Subject-to-Tax Rule. The 2015 Notice included a provision under which the substantial business activities test is not met if the foreign acquiring corporation is not subject to tax as a resident of the relevant foreign country. The new regulations incorporate this test without any changes.

Inversion Gain Rule. Under section 7874, if an inversion transaction results in an ownership fraction of between 60% and 80%, then the expatriated entity must pay tax on its inversion gain for 10 years after the inversion. The new regulations expand the scope of inversion gain.

CFC Recharacterization Rule. The 2014 Notice described the Treasury Department's concern that certain transactions involving a domestic entity's controlled foreign corporation (CFC) after a 60% inversion (known as an "expatriated foreign subsidiary") could allow the group to escape tax under subpart F that would have otherwise resulted from the CFC. The new rules discourage such transactions by recharacterizing transfers of stock and property that cause dilution of the domestic entity's ownership of the expatriated foreign subsidiary.

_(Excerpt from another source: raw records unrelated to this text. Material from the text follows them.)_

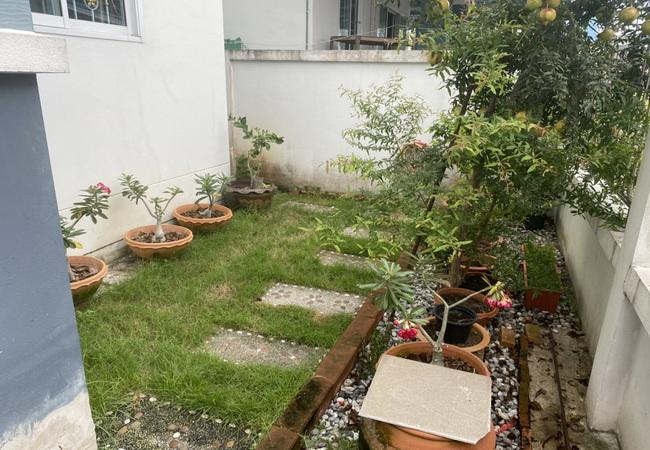 ขายบ้านแฝด หมู่บ้านพรหมศิริ เพชรเกษม 77 เนื้อที่ 33.6 ตร.ว. 2 ชั้น 3 นอน 3 น้ำ 3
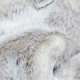 Siberian Grey Seriously Strokable Luxury Faux Fur Throw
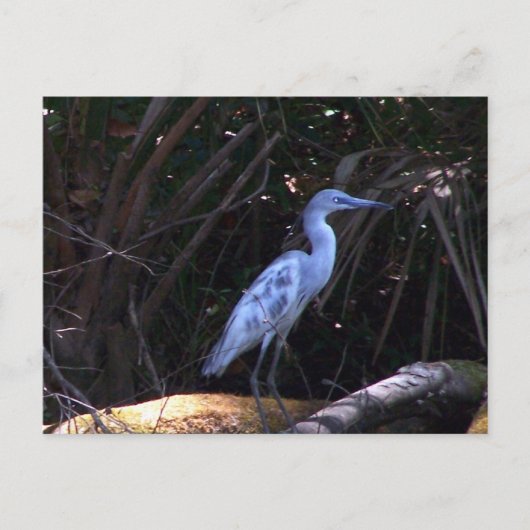 Blue Egret Postkarte (Vorderseite)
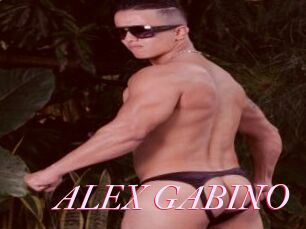 ALEX_GABINO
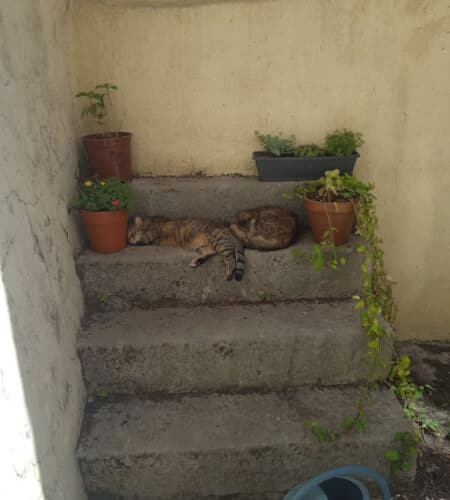 Comment garder son chat au frais pendant la canicule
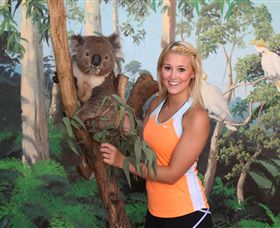 Maru Koala And Animal Park - eAccommodation 0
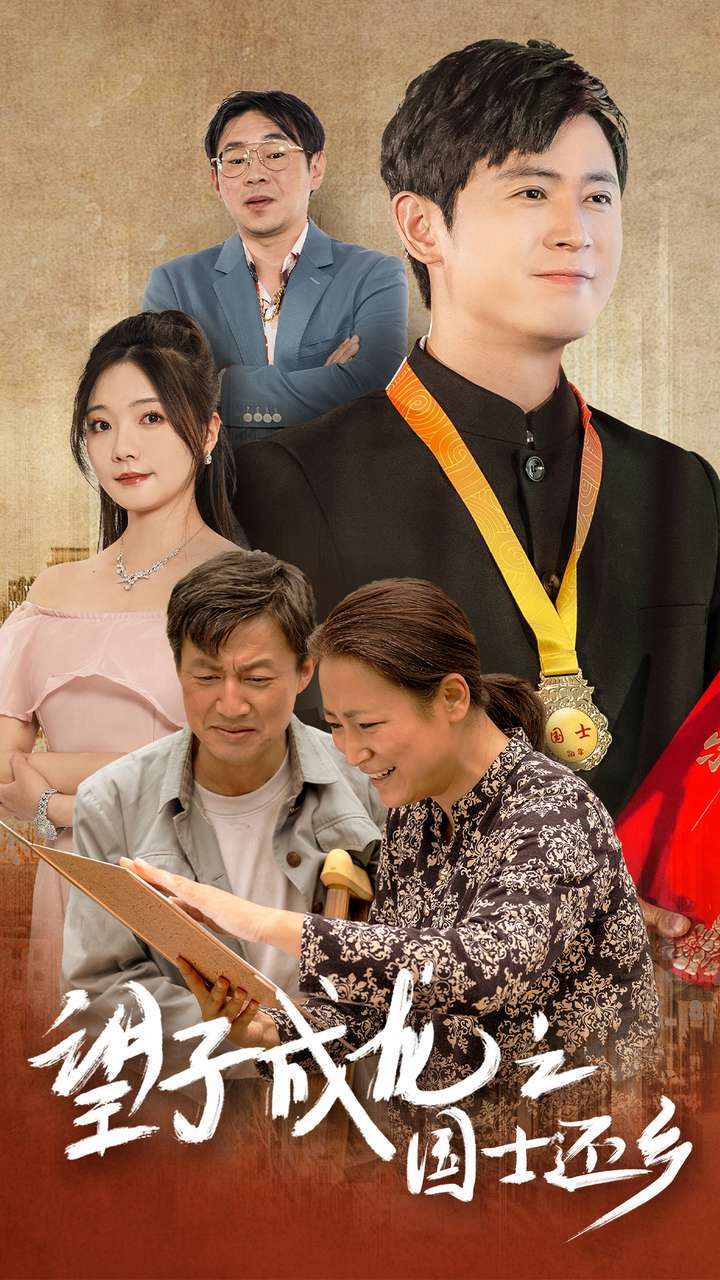 望子成龙之国士还乡 第21-40集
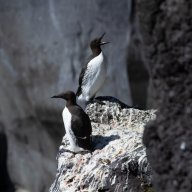 Guillemot_de_Troil-0362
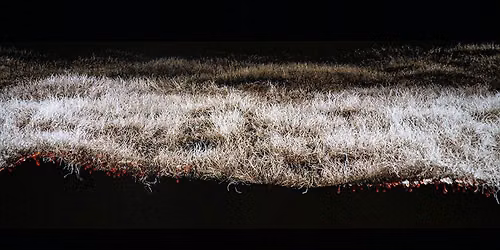 Members Only: Curator Tour \u2013 Faux Flora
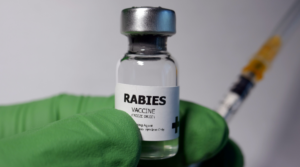 rabies2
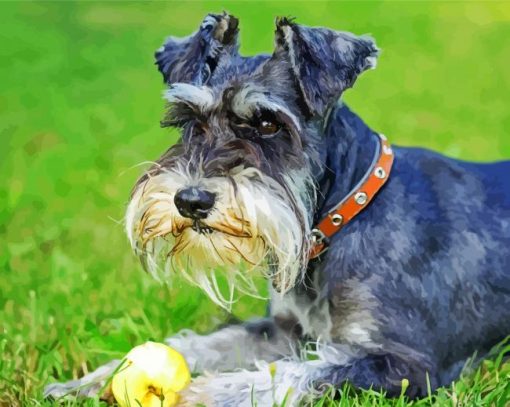 Cute Schnauzer Dog paint by number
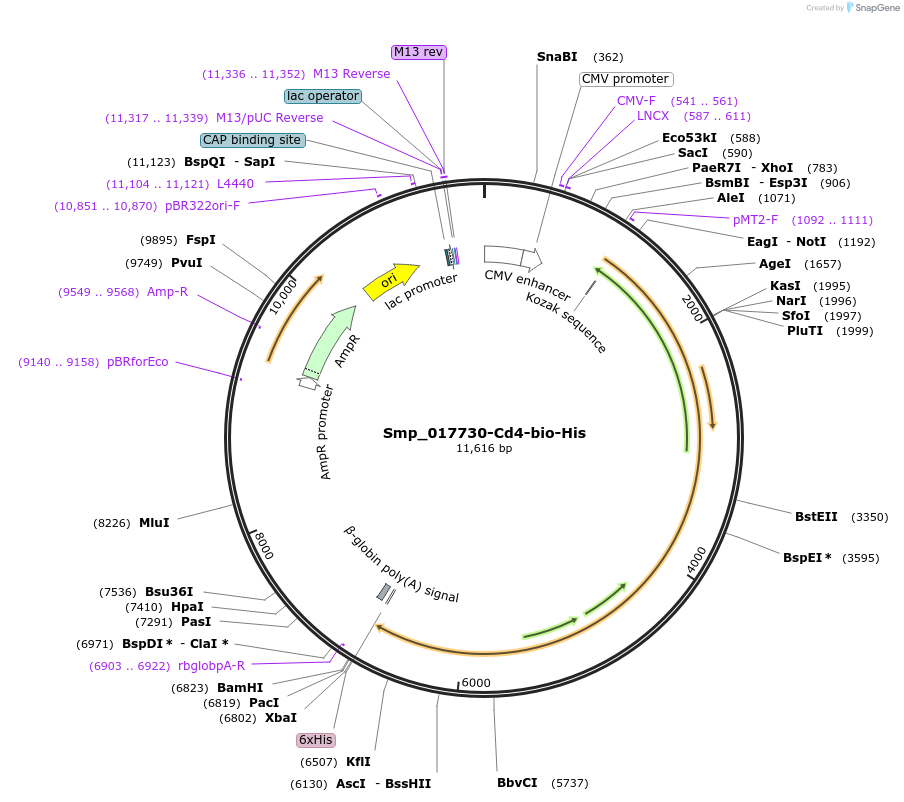 120593-plasmid-map-sequence-id-234129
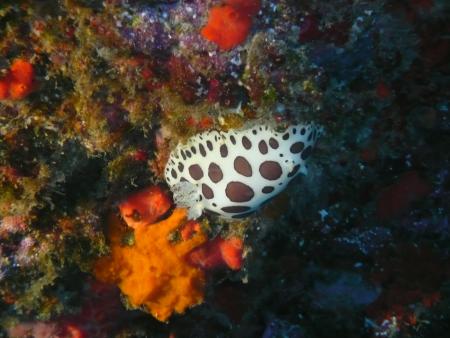 R.C. Diving,Puerto del Carmen,Lanzarote,Kanarische Inseln,Spanien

Accelerated Gain. The new regulations trigger gain in certain transactions where nonrecognition provisions applied but where the transactions would permit gains to escape tax in the future.

The 2014 Notice and the 2015 Notice included provisions intended to prevent dilution of deferred offshore earnings. The temporary regulations incorporate that limitation.

The new regulations include most of the other rules described in the 2014 Notice and the 2015 Notice, but with some exceptions and limitations.

Conclusion

Before these regulations were issued, some thought was given to challenging the approach of the 2014 Notice and the 2015 Notice. Incorporating these rules in regulations will make any potential challenge harder to sustain.

However, a court might reasonably determine that the IRS has acted beyond its authority in issuing the new regulations. In particular, the provision on multi-step acquisitions could be challenged on the basis of its retroactive application, effectively punishing taxpayers for having engaged in inversion transactions within 36 months before the regulations were issued.